Another vote here for KM. (Based on the OP's goals)
I've been training BJJ (with mma/MT) for about 4 years. I had always dismissed KM as another McDojo, "martial art of the week", but about a year ago, I started training at a CrossFit gym that teaches KM also, so I started taking a few classes here and there (initially just for the workout) and was really surprised! What they really ingrain is instant trained intensity. Meaning going from zero to 100% at the flick of a switch and just drilling turning on the rage and turning the tables on your attacker.
There aren't any new moves or anything, they just drill executing the basics from real-world fight situations. So instead of drilling a rolling omoplata counter to a single leg takedown, you'll drill headlock/choke/grab escapes and every way conceivable to hit someone hard in the nuts. They also don't stick to a "one-size-fits-all" approach. They'll say, like here's 2-3 ways to get out and you do each one a few times, and then for the rest of the drills, you pick the one that works the best for you and worst for your attacker. They'll be like, "escape and deliver ten blows." They don't care what they are as long as they're hard and to a vital soft target. The other thing they teach is situational awareness. Your goal, period, is to GTFO, so if someone is attacking you, do just what is needed to neutralize their attack and immediately check around for his buddies. If it looks clear, make sure he neutralized, then get away. They also make you think about being boxed in, aware of your exits, etc.
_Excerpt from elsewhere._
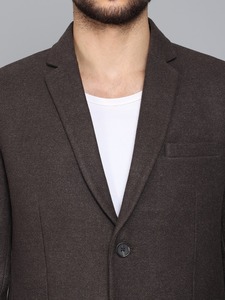 Manteau en laine mélangée gris foncé de haute qualité pour hommes, long manteau d'hiver pour les occasions professionnelles et décontractées, disponible à bon prix - Product Image 3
I really like the nature of the drills. Many of them you start with your eyes closed, or boxed in from 4 sides and you don't know how they will attack you or from what side and you have to fight it out. If you are too focused on the one attacker, they will happily come up and blind-side you with a pad to make sure you are watching out.
So I think for pure self defense, it's hard to beat! The only think I fault them for is maybe not spending quite enough time on the fundamentals. A lot of the folks in there come from martial arts backgrounds, so they do just fine, but knowing the basics would be a nice pre-req. (Like 6 mos of TKD/boxing/MT, etc.)
Again, this is based on the original posters goals of learning some basic self-defense. If you plan on being a cage fighter, it may not be for you. MMA guys aren't going to put you in a headlock, or try to "rape choke" you, so spending time there (and drilling hitting places you can't hit in sport MMA) is counter-productive.